While Fields (1990) situates voluntary informal employment in the context of dualism within the informal urban labour market, Maloney (2004) goes further, writing that "as a first approximation we should think of the informal sector as the unregulated, developing country analogue of the voluntary entrepreneurial small-firm sector found in advanced countries" (p. 1159). (4) Maloney does not, however, develop a formal model and so strict parsimony considerations do not come into play, calling into question the usefulness of such a "first approximation". It seems more fruitful to pursue Fields' line of inquiry and consider the relative importance of voluntary versus involuntary informal employment and the implications and determinants of this relationship.

The policy implications are of first importance. For instance, the higher the ratio of voluntary to involuntary informal employment:

1. The less meaningful is informal employment as an indicator of a decent work deficit and underdevelopment more generally.

2. The more meaningful is the open unemployment rate as an indicator of labour market slack, with attendant implications for macroeconomic policies.

3. The more contradictory may be policies aiming to increase formal employment while simultaneously improving conditions for informal workers. (5)

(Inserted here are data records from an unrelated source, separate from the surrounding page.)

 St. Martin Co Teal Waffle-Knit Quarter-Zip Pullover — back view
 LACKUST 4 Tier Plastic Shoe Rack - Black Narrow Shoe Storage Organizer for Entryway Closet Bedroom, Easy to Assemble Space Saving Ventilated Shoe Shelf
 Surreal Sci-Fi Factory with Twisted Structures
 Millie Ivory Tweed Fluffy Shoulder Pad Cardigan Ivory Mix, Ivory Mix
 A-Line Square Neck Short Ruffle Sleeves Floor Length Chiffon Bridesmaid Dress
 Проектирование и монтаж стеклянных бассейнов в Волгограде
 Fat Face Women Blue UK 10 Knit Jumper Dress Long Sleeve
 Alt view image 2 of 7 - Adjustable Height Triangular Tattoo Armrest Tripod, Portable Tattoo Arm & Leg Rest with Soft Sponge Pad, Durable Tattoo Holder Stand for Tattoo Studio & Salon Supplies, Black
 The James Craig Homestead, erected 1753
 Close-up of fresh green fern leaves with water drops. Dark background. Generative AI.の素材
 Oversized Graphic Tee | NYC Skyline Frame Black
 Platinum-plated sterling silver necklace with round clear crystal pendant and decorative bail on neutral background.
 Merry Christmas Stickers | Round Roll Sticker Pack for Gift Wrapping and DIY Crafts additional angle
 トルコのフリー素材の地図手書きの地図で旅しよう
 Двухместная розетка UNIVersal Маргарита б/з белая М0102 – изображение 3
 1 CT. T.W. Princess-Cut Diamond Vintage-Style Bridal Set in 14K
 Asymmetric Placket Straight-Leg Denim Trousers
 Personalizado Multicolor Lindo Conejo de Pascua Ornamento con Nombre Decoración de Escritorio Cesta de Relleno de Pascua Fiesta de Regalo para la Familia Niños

There are also research and data implications. (6) For instance, Fields argues that studies that do not account for such dualism within informal employment are "rendered dubious, if not downright invalid" (1990, p. 50). He criticizes the ILO's and other definitions of informal employment in this regard: "One is hard-pressed to see how these working definitions of the informal sector conform to earlier notions based on free-entry" (1990, p. 64). (7) Yet measuring voluntary informal employment is intrinsically thorny, for it requires knowing not just the characteristics of the informal job in question (as per existing definitions), but the characteristics and availability of the formal jobs the worker is qualified for as well as the worker's qualifications themselves. We will return to this point.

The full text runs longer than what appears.